PVD coatings are used very widely, and cover everything from the metallic coating on the inside of crisp packets to the hard engineering coatings such as titanium nitride (TiN) that we are more familiar with. However, we are most interested in the hard-wearing, low-friction coatings that have brought us a number of significant benefits in recent years. If we work in a manufacturing environment, it is quite likely that our first exposure to such coatings would be coated cutting tools. Before the race engine suppliers became aware of the benefits of PVD coatings, manufacturing companies had realised that using the more expensive coated tools rather than the plain tool steel versions actually saved time and money.
After a relatively short period of time, a range of PVD coatings have passed from the race engine sector through to the mainstream production passenger car market. PVD-coated engine components are not the preserve of high-tech niche sportscar makers; the large automotive players see the advantages in terms of reduced friction and wear to benefit both the fuel economy and reliability of their cars.
Titanium nitride is probably the first of this family of coatings that we would have noticed. Pre-dating other well-known coatings such as DLC, TiN was widely used as a cutting tool coating. Its relatively low friction and wear resistance also made it a firm favourite for high-performance suspension, especially on racing motorcycles. In terms of engine components, it was applied to some titanium racing rods, with Yamaha’s OW-01 benefiting from it in the late 1980s. It has also found widespread use on titanium valves. Chromium nitride (CrN) is another commonly used coating, again finding use on con rod thrust faces and titanium valves. PVD coatings are also widely used on piston rings to reduce friction and wear.
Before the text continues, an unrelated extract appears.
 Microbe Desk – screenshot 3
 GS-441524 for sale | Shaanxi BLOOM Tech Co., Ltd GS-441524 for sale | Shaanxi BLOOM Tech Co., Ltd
DLC is a widely used term, but this is not a single coating; it is used to describe a wide range of carbon-rich coatings that often have a high metallic or ceramic content. More than any other type, the DLC ‘family’ of coatings has been used to great effect to reduce friction, and improve the performance and reliability of components. It has allowed already aggressively engineered valvetrains to be run to even higher levels of stress with remarkable reliability, and has been used everywhere from piston pins, piston rings, piston pins, cams, cranks and especially cam followers.
PVD coatings are not however a ‘silver bullet’ that will solve all of our engineering woes and bring improved performance. If they are badly planned – and if we don’t take the process parameters, requirements and the coating properties into consideration – we can easily do more harm than good. For instance, if we are aiming to coat materials that lose mechanical strength at temperatures lower than the PVD process temperature, then many of those coatings will not be suitable, as they will soften the material. Trying to coat materials which are too soft and which are loaded in contact, or coating parts which lack stiffness, can lead to damage and delamination of the coating.
The danger of selecting the wrong coating can be mitigated though by talking to the coatings experts, who might recommend a different coating or a ‘functionally graded’ coating – a term used to describe a multi-layer coating, engineered to provide good adhesion and support for the thin layer of coating which forms the actual working surface. Coatings suppliers will also counsel you in the correct surface finish prior to coating, which is a key element in the successful use of PVD-coated components. This is an important consideration given that PVD coatings are very thin and so will tend to reproduce the surface finish of the substrate.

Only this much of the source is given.